Dogs were also expert at finding water sources for troops. Officers leading men into unknown territory had only primitive maps, and water, of course, was a vital commodity. Both soldiers and their horses needed regular water breaks. Even when a regiment was marching near a river, a dog who could show routes down a steep embankment was worth more than the morsels of food the men were feeding him.
And in a day when provisions were slow to arrive and often difficult to come by, some dogs were reportedly good at finding food for more than just themselves. Chickens were relatively easy prey to kill and bring back. Other dogs were skilled at pulling food off loaded wagons that happened nearby. And if the men had time to hunt for their own dinners, there were few better assistants than dogs.
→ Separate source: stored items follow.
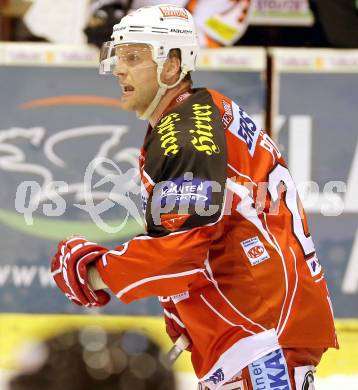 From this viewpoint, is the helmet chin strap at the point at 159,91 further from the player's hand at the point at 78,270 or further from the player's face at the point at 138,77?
the player's hand at the point at 78,270

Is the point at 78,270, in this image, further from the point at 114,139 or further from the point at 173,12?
the point at 114,139

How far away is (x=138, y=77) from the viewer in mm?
3223

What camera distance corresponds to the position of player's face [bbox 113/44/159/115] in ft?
10.5

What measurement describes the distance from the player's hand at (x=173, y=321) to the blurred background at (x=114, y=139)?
2.93m

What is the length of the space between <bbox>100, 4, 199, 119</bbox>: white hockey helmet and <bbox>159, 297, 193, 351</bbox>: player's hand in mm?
580

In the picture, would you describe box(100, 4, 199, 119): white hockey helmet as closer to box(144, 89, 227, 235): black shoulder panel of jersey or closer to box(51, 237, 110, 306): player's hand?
box(144, 89, 227, 235): black shoulder panel of jersey

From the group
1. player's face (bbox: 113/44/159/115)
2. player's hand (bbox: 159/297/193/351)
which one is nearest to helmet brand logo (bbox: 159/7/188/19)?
player's face (bbox: 113/44/159/115)

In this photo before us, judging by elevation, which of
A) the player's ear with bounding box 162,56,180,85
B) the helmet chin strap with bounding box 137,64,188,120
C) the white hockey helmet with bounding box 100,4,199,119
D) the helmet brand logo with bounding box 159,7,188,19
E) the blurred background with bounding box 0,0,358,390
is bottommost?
the blurred background with bounding box 0,0,358,390

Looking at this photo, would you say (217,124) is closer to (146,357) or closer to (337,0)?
(146,357)

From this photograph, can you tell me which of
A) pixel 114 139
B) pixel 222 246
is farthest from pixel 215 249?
pixel 114 139

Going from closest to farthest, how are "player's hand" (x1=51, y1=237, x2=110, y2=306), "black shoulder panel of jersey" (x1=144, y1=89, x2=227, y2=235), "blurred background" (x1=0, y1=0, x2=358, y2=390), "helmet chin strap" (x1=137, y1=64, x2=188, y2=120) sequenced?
"black shoulder panel of jersey" (x1=144, y1=89, x2=227, y2=235), "player's hand" (x1=51, y1=237, x2=110, y2=306), "helmet chin strap" (x1=137, y1=64, x2=188, y2=120), "blurred background" (x1=0, y1=0, x2=358, y2=390)

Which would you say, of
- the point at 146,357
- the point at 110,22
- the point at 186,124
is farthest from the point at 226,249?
the point at 110,22

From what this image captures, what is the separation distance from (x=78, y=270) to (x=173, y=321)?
0.46 metres

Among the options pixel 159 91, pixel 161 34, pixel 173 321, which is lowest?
pixel 173 321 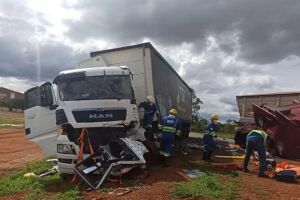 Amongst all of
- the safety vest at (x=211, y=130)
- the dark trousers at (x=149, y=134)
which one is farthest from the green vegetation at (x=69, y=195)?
the safety vest at (x=211, y=130)

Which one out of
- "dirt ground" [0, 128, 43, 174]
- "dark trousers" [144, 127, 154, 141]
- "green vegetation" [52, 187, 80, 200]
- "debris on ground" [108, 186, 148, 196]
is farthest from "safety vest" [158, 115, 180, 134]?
"dirt ground" [0, 128, 43, 174]

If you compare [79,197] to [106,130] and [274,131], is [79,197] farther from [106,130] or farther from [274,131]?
[274,131]

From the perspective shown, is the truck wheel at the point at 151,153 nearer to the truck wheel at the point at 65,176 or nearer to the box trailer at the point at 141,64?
the box trailer at the point at 141,64

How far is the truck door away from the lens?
976 centimetres

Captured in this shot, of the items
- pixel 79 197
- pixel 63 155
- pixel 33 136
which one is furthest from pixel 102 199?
pixel 33 136

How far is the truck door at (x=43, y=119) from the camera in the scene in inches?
384

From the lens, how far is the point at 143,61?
1191cm

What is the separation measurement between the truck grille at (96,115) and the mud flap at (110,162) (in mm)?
546

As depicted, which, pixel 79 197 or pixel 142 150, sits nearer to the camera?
pixel 79 197

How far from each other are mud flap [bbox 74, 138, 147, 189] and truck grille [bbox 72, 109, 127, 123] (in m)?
0.55

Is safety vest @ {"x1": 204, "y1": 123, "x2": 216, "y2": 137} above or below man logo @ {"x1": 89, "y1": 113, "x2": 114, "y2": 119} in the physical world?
below

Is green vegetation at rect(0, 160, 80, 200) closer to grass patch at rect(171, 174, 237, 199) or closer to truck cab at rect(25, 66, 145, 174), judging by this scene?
truck cab at rect(25, 66, 145, 174)

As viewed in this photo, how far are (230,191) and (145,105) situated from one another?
4.23 metres

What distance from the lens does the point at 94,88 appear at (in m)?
9.78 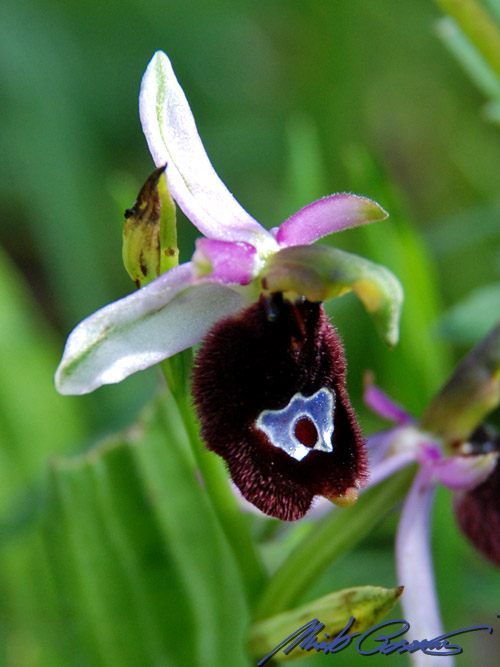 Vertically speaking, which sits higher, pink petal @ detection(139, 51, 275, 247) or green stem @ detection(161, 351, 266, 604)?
pink petal @ detection(139, 51, 275, 247)

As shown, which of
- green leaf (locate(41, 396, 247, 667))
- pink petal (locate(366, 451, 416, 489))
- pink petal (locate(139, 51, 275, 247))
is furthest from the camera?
green leaf (locate(41, 396, 247, 667))

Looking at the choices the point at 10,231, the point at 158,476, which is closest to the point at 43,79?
the point at 10,231

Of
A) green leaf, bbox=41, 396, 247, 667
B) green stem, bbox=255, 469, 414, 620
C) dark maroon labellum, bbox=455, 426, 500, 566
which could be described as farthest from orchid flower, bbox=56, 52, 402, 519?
green leaf, bbox=41, 396, 247, 667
Stories of loyal dogs involve those who stayed by their wounded masters, and some who remained by a body even though the master was gone. (One widow located her husband’s remains because the family dog, who had accompanied him to war, remained near the shallow grave where the man had been hastily buried.)
But for the most part, dogs of the Civil War were just nice to have around.
Confederate Dog, Sawbuck
Sawbuck was a dog who traveled with the Confederacy. Unlike many of the men and some of his four-legged counterparts, he made it through the entire war and was able to go home.
Sawbuck’s master (there is no record of the man’s name) was part of
the Louisiana Brigade led by LeRoy Augustus Stafford.
Stafford had been the sheriff of Rapides Parish, Louisiana. In 1846, he joined the military to fight in the Mexican-American War. By 1860-61 regional tensions grew but, Stafford voted against southern secession.
When the matter was decided differently from what Stafford might have liked, he knew he couldn’t let his neighbors down. He used his expertise from the earlier war to form “Stafford’s Guards,” using local men who volunteered. Sawbuck’s master and Sawbucks must have been among those who joined the company.
On June 4, 1861, Stafford and his men left Louisiana to meet up with the Army of Northern Virginia.
Sawbuck Goes to War
Sawbuck was described as a medium-sized bird dog with black and white spots.
During a battle, Sawbuck was known to race up and back along the front lines, barking at the enemy. He was at Gettysburg where Stafford’s men succeeded in taking Cemetery Hill, holding the position during the twilight of July 2 before being forced to retreat.
At some point during the war, Sawbuck was shot in the right foreleg. He recovered, and after that, the men encouraged him to remain behind the lines where he continued to cheer them on.
In the chaos of war, one of the challenges faced by both men and dogs was not knowing what came next. If you were injured or separated from your regiment during a battle, where were you supposed to go?
In Sawbuck’s case, he knew what to do. John O. Casler, a Confederate who wrote Four Years in the Stonewall Brigade, wrote a letter to the Confederate Veteran magazine, to report that Sawbuck survived the war. His letter told how the dog stayed with his company:
Sawbuck knew every man in his brigade. If a battle ended and Sawbuck was separated from his group, he waited at the side of the road as Confederate soldiers marched by. When he saw one of his men, he dashed over to the fellow, bounding and kissing in excitement. Then man and dog joined together to go off to find their unit, no longer alone anymore.